More needs to be done to help poorer countries adapt to climate change, build resilience and prepare for more weather-related disasters, according to a new World Bank report released at the global climate change summit here where world leaders try to make progress to deal with the changing climate.
“The climate is changing and cost will go up. The world will need to invest more. We believe that whatever the final decisions taken at the negotiations here on financial support, any investment decided needs to be smartly invested,” World Bank Vice-President for Sustainable Development Rachel Kyte told journalists.
The report on “building resilience: integrating climate and disaster risk development” was released after Super Typhoon Yolanda (international name Haiyan) devastated central Philippines, leaving over 4,000 people dead and still counting, with many injured or missing; and millions homeless.
The report looks at the gradual effect of climate change and disasters from increasingly severe floods, droughts and storms as witnessed in the terrible impact of Haiyan in the Philippines.
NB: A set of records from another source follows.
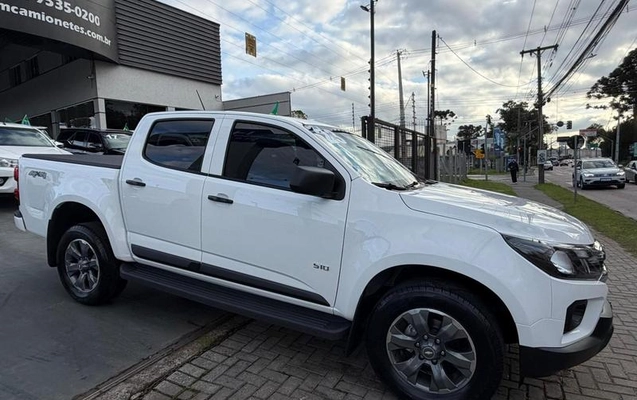 imagem-https://www.socarrao.com.br/sc-vehicle-images-prod/1978654/1784227233230-8159726_14_B_32d56f3c12.jpeg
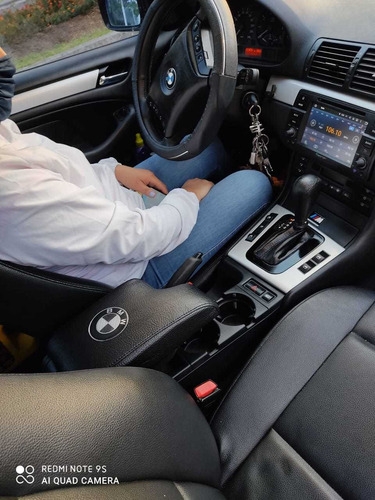 Bmw 318 I 318 I
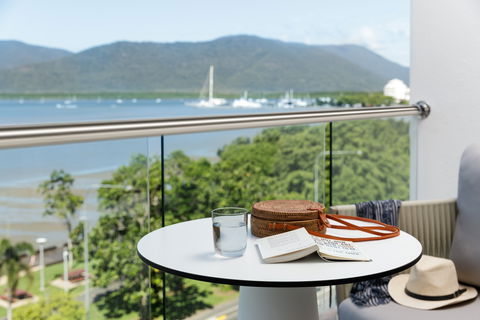 Crystalbrook Riley - Darwin Holiday 6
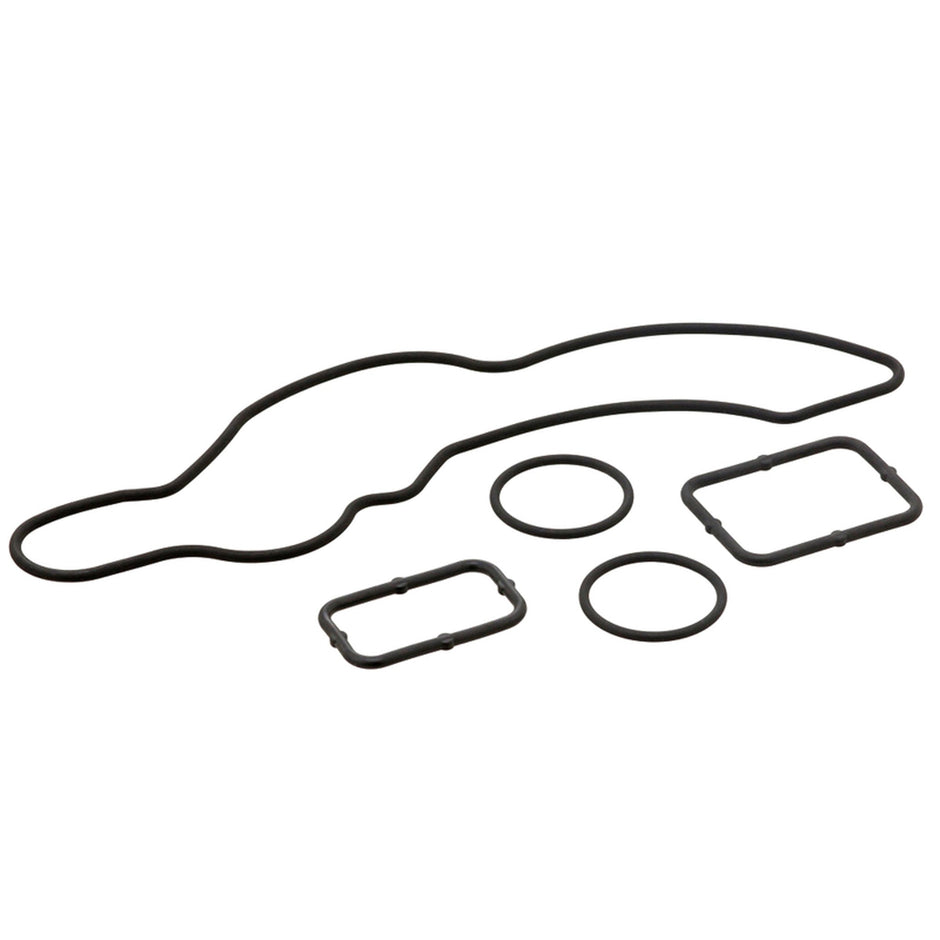 Dichtsatz Ölpumpe – Porsche Boxster/Cayman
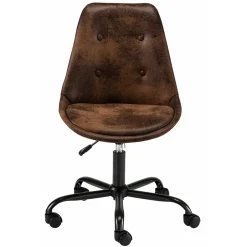 Pharao24 Schreibtischstuhl Manaos> Bürostuhl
It had been tagged a category 5 hurricane, and described as one of the strongest ever to hit any part of the world in recent memory. Much of the total destruction was attributed to the storm surges, the extent or danger of which few people, including officials, seemed to understand.
Kyte said that the growing cost and damage from more extreme weather are staggering. Over the last 30 years, the world has lost more than 2.5 million people and almost $4 trillion to natural disasters.
“Economic losses are rising—from $50 billion each year in the 1980s, to just under $200 billion each year in the last decade. Three quarters of those losses are as a result of extreme weather,” Kyte said, adding that climate change is intensifying the severity of extreme weather events such as Typhoon Haiyan.
She said the World Bank is mobilizing $500 million in financing and deploying global disaster experts to support the Philippines’ efforts to recover and build from the devastation caused by the recent typhoon.
“The Philippines need to do more in terms of early warning systems, harnessing and understanding modern technology in data and satellite weather systems, rebuild the Philippine economy in the devastated area, increase food security, reforestation, looking at infrastructure and improve environmental programs,” Kyte told InterAksyon.com.
Kyte acknowledged that while the Philippines is one of the countries mainstreaming its climate-change adaptation and disaster-risk management, the country needs to do more and strengthen its resilience to weather-related disasters.